**How to complete this task**
Set down each entry as it stands. Skip the pictures.

START Available data

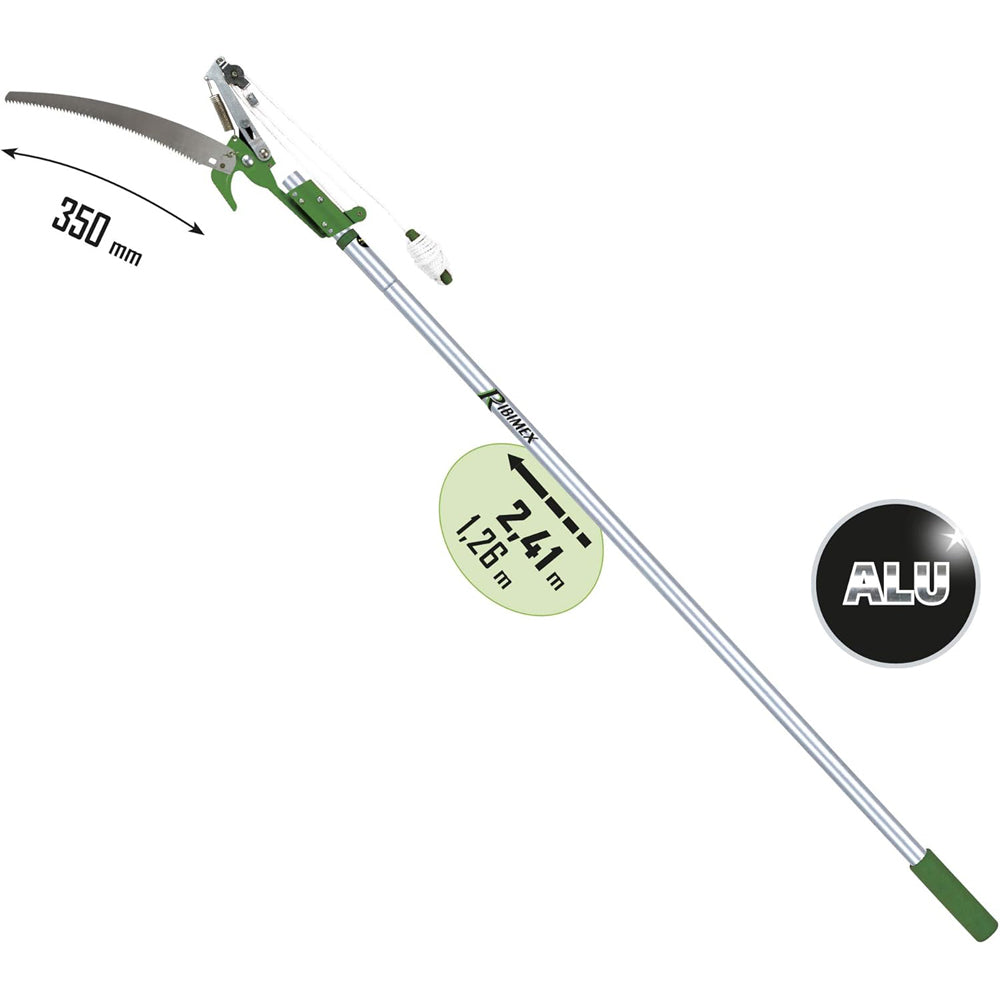 SEGA TAGLIARAMI SVETTATOIO TRONCARAMI ASTA MANICO TELESCOPICO 2,41m RIBIMEX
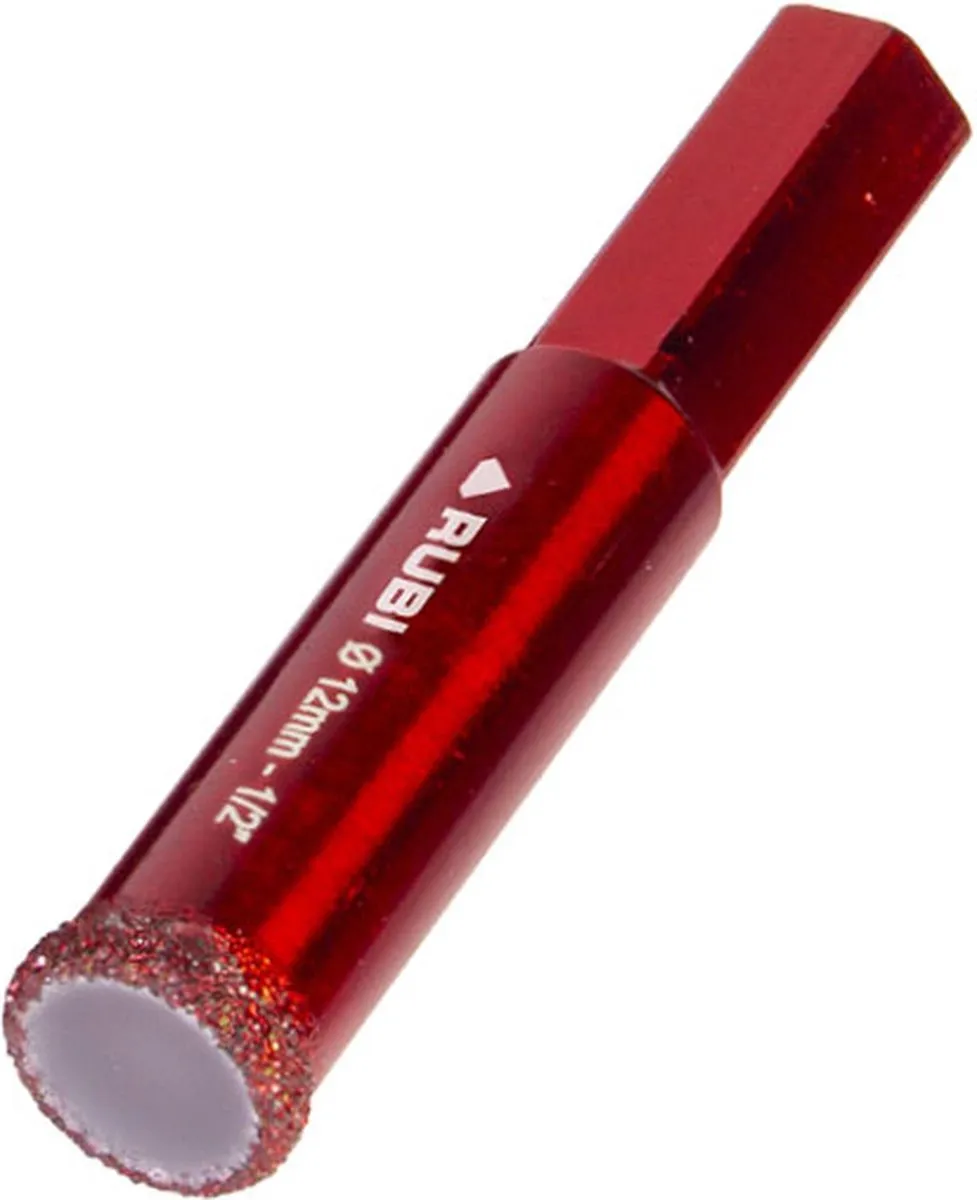 Rubi Tegelboor 12mm HEX Diamant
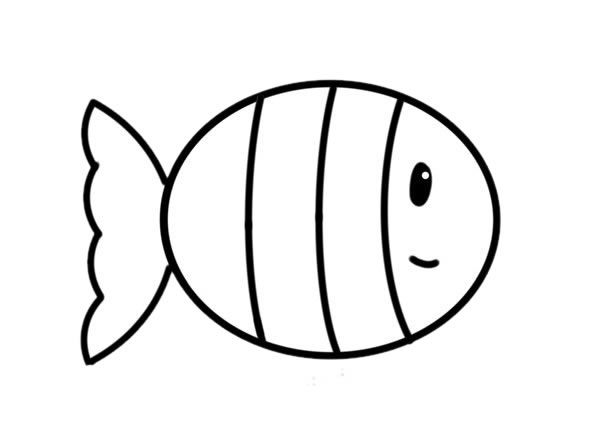 簡單的小丑魚怎么畫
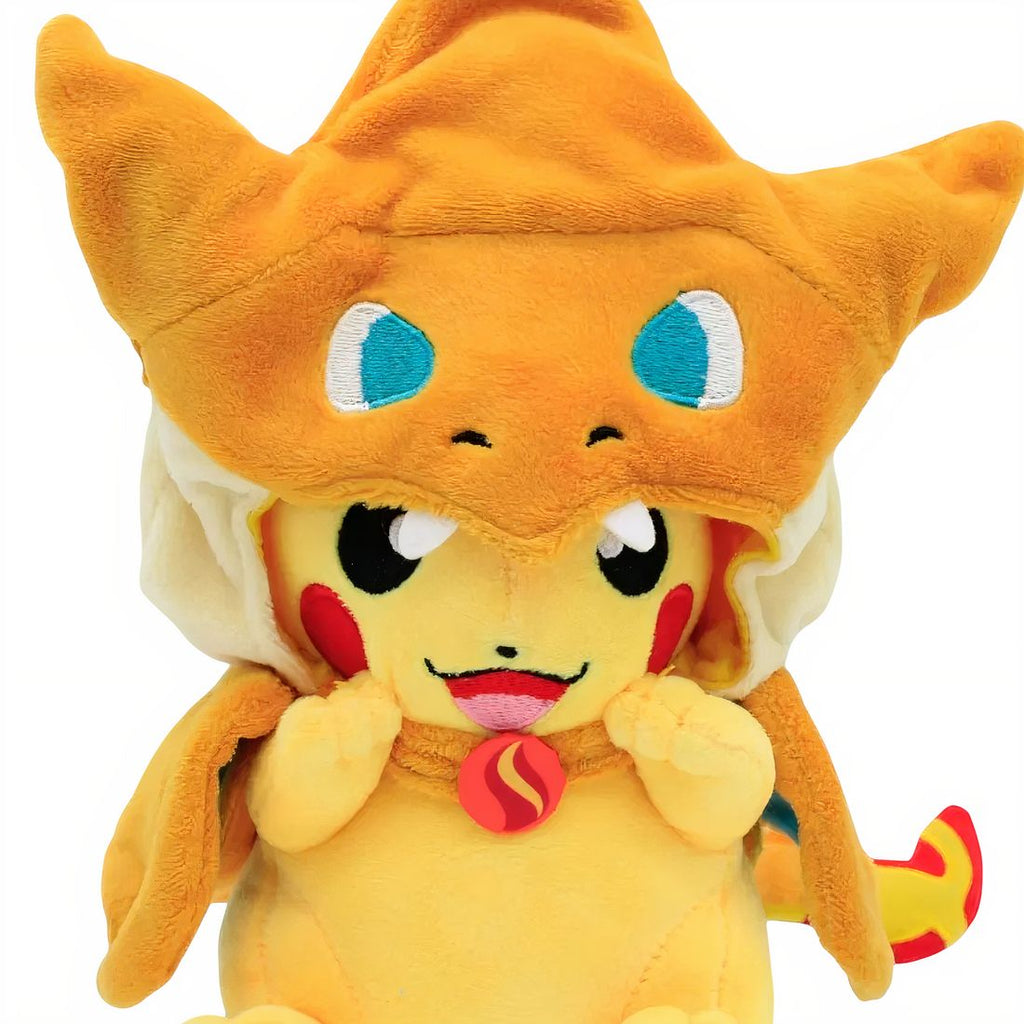 Pikachu im Glurak-Kostüm 20–25 cm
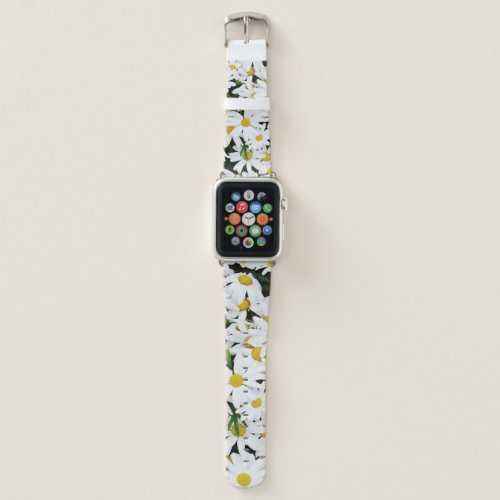 Field of Daisies Photo Apple Watch Band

END Available data

**Result for this task**
 SEGA TAGLIARAMI SVETTATOIO TRONCARAMI ASTA MANICO TELESCOPICO 2,41m RIBIMEX
 Rubi Tegelboor 12mm HEX Diamant
 簡單的小丑魚怎么畫
 Pikachu im Glurak-Kostüm 20–25 cm
 Field of Daisies Photo Apple Watch Band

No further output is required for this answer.